- [What the task asks]
In the records below, find the line with "Imagem Casa Modernizada" and the line with "фото №7, Porsche". Print both exactly, along with every line between them, and no other line.

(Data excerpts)
______
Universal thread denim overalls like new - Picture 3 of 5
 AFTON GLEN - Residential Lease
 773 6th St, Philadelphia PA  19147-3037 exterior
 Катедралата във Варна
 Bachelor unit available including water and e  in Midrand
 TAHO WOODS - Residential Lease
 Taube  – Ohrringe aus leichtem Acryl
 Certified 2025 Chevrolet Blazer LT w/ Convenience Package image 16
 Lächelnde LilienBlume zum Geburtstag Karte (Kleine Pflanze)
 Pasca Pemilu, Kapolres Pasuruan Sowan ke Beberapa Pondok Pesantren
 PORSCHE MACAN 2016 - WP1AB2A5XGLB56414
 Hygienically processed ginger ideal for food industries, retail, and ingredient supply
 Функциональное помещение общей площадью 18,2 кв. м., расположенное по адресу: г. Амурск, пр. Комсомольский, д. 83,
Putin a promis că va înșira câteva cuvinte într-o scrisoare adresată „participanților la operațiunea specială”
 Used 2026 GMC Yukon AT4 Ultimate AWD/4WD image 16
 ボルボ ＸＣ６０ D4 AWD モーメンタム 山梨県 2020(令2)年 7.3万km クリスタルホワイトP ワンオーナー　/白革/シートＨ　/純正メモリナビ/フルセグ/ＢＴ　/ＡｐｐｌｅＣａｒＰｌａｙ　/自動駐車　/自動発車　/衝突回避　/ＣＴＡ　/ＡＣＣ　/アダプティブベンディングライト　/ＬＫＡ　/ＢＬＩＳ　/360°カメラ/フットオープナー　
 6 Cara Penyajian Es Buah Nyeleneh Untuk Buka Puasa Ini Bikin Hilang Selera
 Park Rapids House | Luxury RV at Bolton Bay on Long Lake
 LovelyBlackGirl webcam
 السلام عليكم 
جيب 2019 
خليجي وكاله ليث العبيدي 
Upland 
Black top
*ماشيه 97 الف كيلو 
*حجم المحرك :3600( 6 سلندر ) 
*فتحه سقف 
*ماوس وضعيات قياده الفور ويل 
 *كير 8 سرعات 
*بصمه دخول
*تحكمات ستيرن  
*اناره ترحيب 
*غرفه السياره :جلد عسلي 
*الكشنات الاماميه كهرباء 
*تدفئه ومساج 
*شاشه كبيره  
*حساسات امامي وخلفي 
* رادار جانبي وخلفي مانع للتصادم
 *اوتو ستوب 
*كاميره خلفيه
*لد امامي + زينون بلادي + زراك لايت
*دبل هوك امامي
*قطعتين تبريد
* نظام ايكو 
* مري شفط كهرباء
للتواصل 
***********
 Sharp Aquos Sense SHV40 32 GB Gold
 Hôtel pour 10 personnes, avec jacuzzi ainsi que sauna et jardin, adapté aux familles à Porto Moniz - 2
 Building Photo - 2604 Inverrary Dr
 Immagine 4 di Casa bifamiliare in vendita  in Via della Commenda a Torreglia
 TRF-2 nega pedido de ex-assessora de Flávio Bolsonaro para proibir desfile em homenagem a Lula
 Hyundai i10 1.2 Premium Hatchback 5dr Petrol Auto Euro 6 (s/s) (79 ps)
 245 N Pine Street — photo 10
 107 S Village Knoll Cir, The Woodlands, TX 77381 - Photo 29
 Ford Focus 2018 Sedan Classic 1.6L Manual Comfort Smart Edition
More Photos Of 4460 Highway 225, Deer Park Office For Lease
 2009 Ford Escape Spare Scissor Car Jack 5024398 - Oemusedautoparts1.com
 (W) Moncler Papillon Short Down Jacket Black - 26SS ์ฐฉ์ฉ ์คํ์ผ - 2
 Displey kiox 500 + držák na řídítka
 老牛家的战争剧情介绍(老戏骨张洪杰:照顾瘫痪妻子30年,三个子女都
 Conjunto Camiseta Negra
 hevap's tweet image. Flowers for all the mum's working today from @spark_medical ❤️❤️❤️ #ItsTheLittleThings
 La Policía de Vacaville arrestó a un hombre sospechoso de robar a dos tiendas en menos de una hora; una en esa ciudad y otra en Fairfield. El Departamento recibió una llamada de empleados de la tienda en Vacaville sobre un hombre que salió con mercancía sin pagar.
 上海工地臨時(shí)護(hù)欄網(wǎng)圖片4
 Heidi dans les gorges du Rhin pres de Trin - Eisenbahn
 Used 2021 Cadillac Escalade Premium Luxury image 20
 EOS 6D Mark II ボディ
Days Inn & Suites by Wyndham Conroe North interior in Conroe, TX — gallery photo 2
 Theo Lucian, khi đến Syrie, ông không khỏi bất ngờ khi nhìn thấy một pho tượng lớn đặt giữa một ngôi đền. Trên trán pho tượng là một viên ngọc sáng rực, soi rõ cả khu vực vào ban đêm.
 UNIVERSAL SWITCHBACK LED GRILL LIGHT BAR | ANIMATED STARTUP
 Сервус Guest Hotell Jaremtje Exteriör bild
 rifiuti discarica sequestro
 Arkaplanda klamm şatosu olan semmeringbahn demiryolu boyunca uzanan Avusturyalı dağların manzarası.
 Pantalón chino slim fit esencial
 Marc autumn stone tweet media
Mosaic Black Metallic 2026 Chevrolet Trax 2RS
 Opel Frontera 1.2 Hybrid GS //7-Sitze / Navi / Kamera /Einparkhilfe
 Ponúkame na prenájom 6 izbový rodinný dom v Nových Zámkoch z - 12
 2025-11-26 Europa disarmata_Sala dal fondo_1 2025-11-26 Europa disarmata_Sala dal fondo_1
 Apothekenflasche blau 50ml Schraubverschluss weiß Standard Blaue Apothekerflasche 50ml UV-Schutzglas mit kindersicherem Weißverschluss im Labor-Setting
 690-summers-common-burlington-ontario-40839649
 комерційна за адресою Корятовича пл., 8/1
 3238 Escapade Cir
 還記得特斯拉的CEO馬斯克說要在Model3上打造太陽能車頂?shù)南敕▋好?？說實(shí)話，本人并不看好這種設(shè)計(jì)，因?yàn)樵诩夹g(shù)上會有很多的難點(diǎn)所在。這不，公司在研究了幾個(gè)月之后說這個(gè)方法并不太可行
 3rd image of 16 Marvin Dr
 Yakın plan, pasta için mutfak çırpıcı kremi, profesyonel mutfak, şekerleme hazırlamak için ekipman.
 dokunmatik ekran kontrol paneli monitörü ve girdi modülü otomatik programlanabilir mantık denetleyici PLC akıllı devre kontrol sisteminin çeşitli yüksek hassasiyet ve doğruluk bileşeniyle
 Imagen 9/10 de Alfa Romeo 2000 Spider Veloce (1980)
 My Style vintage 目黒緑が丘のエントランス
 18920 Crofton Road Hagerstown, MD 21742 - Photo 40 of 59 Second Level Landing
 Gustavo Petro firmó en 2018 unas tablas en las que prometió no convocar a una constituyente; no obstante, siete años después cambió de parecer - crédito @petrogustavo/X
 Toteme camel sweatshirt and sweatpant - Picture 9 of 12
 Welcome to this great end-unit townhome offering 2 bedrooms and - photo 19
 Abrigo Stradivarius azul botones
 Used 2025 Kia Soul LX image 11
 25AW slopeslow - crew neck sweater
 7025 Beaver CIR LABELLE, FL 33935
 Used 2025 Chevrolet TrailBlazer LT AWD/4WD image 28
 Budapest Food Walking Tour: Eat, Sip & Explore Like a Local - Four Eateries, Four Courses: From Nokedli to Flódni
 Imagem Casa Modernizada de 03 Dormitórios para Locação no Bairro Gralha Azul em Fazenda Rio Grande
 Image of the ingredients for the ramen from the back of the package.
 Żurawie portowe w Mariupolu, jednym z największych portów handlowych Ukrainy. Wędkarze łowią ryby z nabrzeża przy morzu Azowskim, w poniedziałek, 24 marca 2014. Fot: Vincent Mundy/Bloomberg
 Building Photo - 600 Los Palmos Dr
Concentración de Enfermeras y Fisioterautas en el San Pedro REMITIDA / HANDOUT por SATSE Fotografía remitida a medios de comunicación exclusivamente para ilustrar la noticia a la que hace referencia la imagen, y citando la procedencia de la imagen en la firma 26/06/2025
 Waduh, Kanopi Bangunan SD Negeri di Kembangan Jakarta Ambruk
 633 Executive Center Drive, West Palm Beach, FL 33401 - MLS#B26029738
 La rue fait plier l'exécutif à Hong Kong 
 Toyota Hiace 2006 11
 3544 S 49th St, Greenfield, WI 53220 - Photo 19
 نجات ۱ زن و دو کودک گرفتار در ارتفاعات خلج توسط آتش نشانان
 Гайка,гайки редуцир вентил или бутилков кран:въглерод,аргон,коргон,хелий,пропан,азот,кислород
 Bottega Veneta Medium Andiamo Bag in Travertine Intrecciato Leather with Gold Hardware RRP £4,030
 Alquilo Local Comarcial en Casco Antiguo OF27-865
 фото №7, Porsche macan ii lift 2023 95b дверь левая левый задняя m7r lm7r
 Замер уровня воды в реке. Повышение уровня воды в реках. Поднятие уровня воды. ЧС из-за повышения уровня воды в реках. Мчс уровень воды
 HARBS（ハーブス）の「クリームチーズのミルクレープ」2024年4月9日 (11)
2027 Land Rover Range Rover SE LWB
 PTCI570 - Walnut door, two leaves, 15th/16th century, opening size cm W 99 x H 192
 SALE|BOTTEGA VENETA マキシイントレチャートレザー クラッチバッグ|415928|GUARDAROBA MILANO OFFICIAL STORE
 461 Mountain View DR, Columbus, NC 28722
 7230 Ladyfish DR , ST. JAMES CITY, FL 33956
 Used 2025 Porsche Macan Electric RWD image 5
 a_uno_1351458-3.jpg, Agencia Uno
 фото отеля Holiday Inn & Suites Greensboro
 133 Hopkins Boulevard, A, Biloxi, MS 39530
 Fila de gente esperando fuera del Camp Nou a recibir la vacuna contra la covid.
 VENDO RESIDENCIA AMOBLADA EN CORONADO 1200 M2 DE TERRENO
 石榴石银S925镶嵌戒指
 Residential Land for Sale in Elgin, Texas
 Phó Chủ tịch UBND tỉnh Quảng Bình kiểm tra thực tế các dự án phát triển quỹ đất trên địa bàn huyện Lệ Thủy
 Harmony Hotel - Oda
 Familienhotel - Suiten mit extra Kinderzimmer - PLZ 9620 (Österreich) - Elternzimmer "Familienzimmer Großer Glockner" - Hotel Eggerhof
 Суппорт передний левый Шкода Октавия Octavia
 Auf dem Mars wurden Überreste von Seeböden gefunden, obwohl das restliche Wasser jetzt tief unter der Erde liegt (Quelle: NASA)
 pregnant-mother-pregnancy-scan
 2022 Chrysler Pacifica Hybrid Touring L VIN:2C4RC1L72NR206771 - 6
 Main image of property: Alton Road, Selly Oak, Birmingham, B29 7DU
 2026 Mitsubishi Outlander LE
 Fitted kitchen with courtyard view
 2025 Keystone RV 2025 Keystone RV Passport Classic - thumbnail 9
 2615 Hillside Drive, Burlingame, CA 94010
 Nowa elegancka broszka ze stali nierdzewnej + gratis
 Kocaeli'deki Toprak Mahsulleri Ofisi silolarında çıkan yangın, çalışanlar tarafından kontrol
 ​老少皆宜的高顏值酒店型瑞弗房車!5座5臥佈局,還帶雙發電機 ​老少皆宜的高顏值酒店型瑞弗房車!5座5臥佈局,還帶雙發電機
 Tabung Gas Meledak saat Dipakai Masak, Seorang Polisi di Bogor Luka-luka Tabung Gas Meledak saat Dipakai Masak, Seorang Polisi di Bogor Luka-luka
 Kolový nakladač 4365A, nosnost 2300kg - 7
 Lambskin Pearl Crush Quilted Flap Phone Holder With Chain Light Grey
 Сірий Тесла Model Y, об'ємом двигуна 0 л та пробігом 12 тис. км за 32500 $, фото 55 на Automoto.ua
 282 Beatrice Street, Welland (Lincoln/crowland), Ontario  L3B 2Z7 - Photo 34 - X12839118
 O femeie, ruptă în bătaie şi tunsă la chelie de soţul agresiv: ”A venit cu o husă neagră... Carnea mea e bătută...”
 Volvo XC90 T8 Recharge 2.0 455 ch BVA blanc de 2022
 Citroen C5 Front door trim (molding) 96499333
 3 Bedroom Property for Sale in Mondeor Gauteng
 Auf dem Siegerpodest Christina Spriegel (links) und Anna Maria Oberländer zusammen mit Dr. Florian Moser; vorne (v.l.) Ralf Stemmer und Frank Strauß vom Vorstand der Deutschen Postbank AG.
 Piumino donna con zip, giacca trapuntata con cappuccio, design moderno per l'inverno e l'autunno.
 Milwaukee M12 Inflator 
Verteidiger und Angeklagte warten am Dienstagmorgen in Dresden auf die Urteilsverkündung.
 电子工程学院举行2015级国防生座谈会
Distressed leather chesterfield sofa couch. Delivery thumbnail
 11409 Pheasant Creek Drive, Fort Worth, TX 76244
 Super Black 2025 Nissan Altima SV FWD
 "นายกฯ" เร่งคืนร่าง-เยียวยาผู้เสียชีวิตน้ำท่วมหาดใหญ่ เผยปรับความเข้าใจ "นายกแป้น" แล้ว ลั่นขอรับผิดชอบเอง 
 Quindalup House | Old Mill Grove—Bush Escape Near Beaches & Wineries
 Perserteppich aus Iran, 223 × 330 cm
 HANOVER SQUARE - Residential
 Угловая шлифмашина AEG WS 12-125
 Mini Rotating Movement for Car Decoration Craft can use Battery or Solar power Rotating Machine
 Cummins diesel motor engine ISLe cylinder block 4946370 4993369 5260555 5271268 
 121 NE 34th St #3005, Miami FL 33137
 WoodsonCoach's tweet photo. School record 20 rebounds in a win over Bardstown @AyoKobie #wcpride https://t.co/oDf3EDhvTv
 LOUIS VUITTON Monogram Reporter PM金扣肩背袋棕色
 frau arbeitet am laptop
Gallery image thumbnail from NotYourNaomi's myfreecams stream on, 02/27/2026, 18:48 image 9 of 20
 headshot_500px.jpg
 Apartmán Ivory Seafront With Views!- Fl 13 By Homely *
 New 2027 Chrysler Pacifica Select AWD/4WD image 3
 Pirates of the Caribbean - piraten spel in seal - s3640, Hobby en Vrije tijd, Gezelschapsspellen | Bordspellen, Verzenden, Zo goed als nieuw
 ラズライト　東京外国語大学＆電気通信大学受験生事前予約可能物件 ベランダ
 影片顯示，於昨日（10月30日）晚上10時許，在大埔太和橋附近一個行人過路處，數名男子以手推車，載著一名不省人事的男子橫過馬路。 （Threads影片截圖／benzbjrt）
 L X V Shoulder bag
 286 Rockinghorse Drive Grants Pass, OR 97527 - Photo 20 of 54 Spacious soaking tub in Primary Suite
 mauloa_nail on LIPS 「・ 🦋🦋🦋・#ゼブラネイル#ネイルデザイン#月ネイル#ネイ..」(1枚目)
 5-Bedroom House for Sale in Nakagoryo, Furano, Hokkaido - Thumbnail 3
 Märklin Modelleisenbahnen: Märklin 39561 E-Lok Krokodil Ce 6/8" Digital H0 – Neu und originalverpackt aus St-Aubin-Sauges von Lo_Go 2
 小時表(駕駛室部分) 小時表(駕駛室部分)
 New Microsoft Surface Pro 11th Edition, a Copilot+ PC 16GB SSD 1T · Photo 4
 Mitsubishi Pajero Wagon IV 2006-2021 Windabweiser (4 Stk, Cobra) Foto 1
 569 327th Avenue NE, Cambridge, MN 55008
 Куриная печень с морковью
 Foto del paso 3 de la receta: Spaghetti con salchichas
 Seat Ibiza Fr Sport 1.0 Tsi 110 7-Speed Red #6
______
- [Solution to this task]
 Imagem Casa Modernizada de 03 Dormitórios para Locação no Bairro Gralha Azul em Fazenda Rio Grande
 Image of the ingredients for the ramen from the back of the package.
 Żurawie portowe w Mariupolu, jednym z największych portów handlowych Ukrainy. Wędkarze łowią ryby z nabrzeża przy morzu Azowskim, w poniedziałek, 24 marca 2014. Fot: Vincent Mundy/Bloomberg
 Building Photo - 600 Los Palmos Dr
Concentración de Enfermeras y Fisioterautas en el San Pedro REMITIDA / HANDOUT por SATSE Fotografía remitida a medios de comunicación exclusivamente para ilustrar la noticia a la que hace referencia la imagen, y citando la procedencia de la imagen en la firma 26/06/2025
 Waduh, Kanopi Bangunan SD Negeri di Kembangan Jakarta Ambruk
 633 Executive Center Drive, West Palm Beach, FL 33401 - MLS#B26029738
 La rue fait plier l'exécutif à Hong Kong 
 Toyota Hiace 2006 11
 3544 S 49th St, Greenfield, WI 53220 - Photo 19
 نجات ۱ زن و دو کودک گرفتار در ارتفاعات خلج توسط آتش نشانان
 Гайка,гайки редуцир вентил или бутилков кран:въглерод,аргон,коргон,хелий,пропан,азот,кислород
 Bottega Veneta Medium Andiamo Bag in Travertine Intrecciato Leather with Gold Hardware RRP £4,030
 Alquilo Local Comarcial en Casco Antiguo OF27-865
 фото №7, Porsche macan ii lift 2023 95b дверь левая левый задняя m7r lm7r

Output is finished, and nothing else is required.